Dans un communiqué, le ministre Fournier a souligné au crayon gras le fait que l'entente avec l'AJE «permet d'améliorer les conditions de travail de nos juristes». Il a aussi loué «l'ouverture et le pragmatisme» qui ont caractérisé les négociations avec l'AJE, soutenant que cela avait permis d'«établir un dialogue constructif».

Marc Lajoie a précisé hier au Devoir que c'est à la fin du mois de mars que le gouvernement (à l'initiative du sous-ministre de la Justice, Denis Marsolais) avait repris le contact avec les représentants des juristes et que les discussions n'ont pas cessé depuis. À ce moment, l'AJE et l'APPCP avaient convenu de mettre fin à leur front commun. «Moi, je suis content pour eux», a soutenu Christian Leblanc hier, ajoutant avoir hâte de prendre connaissance des détails de l'entente entre l'AJE et le gouvernement Charest.

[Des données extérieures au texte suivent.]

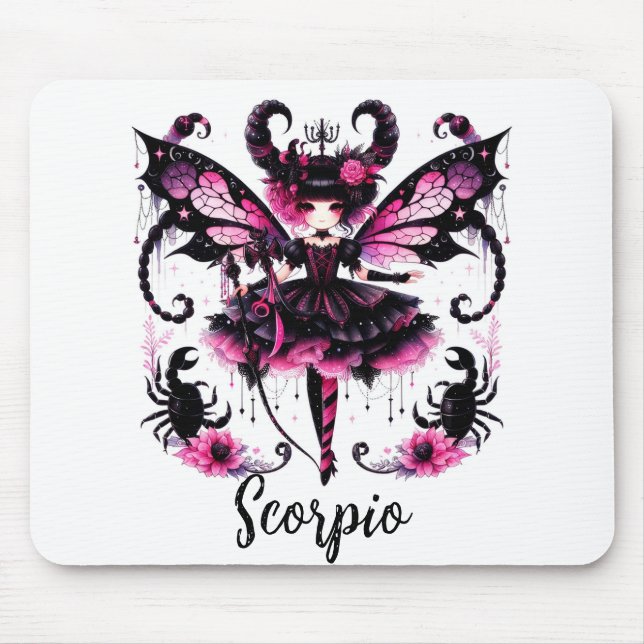 Tapis De Souris Rose Noir Gothique Fée Scorpion Astrologie Zodiaqu (Devant)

Du reste, le gouvernement a fait savoir que les paramètres de l'entente allaient être proposés aux juristes de la nouvelle Agence du revenu du Québec. La création, en avril, de cette agence, qui remplace le ministère du Revenu, s'est trouvée à expulser de la fonction publique les quelque 160 avocats et notaires à son emploi. Marc Lajoie estime que cela «crée un problème certain» sur le plan des conditions de travail de ces juristes. Il soutient que «le ministère de la Justice, qui coordonne l'action juridique de l'État, s'est affaibli en "perdant" ces juristes». La nouvelle agence est contrainte de s'entendre avec ses juristes, ce qui crée un dédoublement de structure, a opiné M. Lajoie.